For all that aporia and antiphrasis structure Boas's text, still, the doubts and negations may yet imply some positive recommendations. Nonetheless, even if this first essay on "Culture" is useful for the project of an anthropological science, Race, Language, and Culture will still present us, as its conclusion, the "miscellaneously" juxtaposed and contradictory final essays of the book.
And it does indeed seem to me that Boas's writing, taken as a whole, has a kind of abusive perversity that, as with
Nietzsche, undermines the foundations for any claims to scienticity. At the furthest horizon, I believe Boas was rather anxiously fascinated by cultural and epistemological chaos of the sort with which Richard Rorty, Jean-François Lyotard, and Stephen Tyler, among other postmodernist and poststructuralist thinkers today, are quite comfortable. If I am at all correct, he did, indeed, engage a kind of abysmal ironic vision, which I have tried to link to the figure of catachresis. And it is the figure of catachresis, as I have said, which marks postmodernist subsumptions of logic to rhetoric, science to narrative or conversation, as it marks a sense of the constant inconstancy of figure/ground, signal/noise relations.

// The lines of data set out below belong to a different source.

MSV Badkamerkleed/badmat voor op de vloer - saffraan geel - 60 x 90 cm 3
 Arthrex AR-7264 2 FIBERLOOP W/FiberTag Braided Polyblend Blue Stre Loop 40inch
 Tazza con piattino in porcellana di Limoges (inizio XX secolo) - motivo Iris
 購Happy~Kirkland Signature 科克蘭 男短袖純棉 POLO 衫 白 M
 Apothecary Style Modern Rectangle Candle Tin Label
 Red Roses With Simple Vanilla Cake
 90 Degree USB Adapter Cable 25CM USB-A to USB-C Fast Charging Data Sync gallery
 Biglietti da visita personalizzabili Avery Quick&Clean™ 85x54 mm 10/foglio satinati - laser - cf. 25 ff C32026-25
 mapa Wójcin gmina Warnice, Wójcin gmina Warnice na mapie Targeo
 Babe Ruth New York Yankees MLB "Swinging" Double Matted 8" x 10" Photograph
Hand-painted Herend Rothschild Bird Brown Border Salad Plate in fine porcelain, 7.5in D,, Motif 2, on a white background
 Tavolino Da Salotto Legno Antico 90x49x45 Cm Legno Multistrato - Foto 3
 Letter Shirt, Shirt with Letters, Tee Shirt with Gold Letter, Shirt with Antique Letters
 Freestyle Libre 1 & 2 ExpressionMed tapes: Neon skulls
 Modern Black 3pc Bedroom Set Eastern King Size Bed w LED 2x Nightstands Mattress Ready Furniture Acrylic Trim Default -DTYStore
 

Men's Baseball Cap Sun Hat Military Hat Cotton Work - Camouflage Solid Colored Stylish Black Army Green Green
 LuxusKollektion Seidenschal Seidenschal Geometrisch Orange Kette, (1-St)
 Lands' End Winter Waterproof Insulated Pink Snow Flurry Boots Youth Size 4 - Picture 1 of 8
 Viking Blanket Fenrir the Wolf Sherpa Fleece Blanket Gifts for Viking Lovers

If this is so, then, to the extent Boas may have become "unreadable" in the present moment, he might well be recuperated as a sort of precursor of postmodernism. But if I seem here to have conducted Boas to just the place Marilyn Strathern, in a recent essay, brought Boas's English contemporary, Sir James Frazer, I want to warn even more strongly than she against any attempt actually to reread these complex figures as postmodernists.[9]
For all that I have claimed to find a powerful attraction to the chaotic possibilities of freeplay and undecidability (to use more or less current terms) at some deep level of Boas's work, nonetheless, it seems to me that for the most part Boas was attracted to the study of phenomena which he probably felt to be more orderly (whatever their order) than chaotic, phenomena which, looked at particularly and carefully, at least were probably coherent in themselves. This sense of cultural things was tropologically figured in varieties of what I have called aportic irony, the central trope,
to repeat, of a sort of realist/scientist modernism: distanced and distancing, sceptical, tough-minded, sensitive to paradox, self-conscious, and so on.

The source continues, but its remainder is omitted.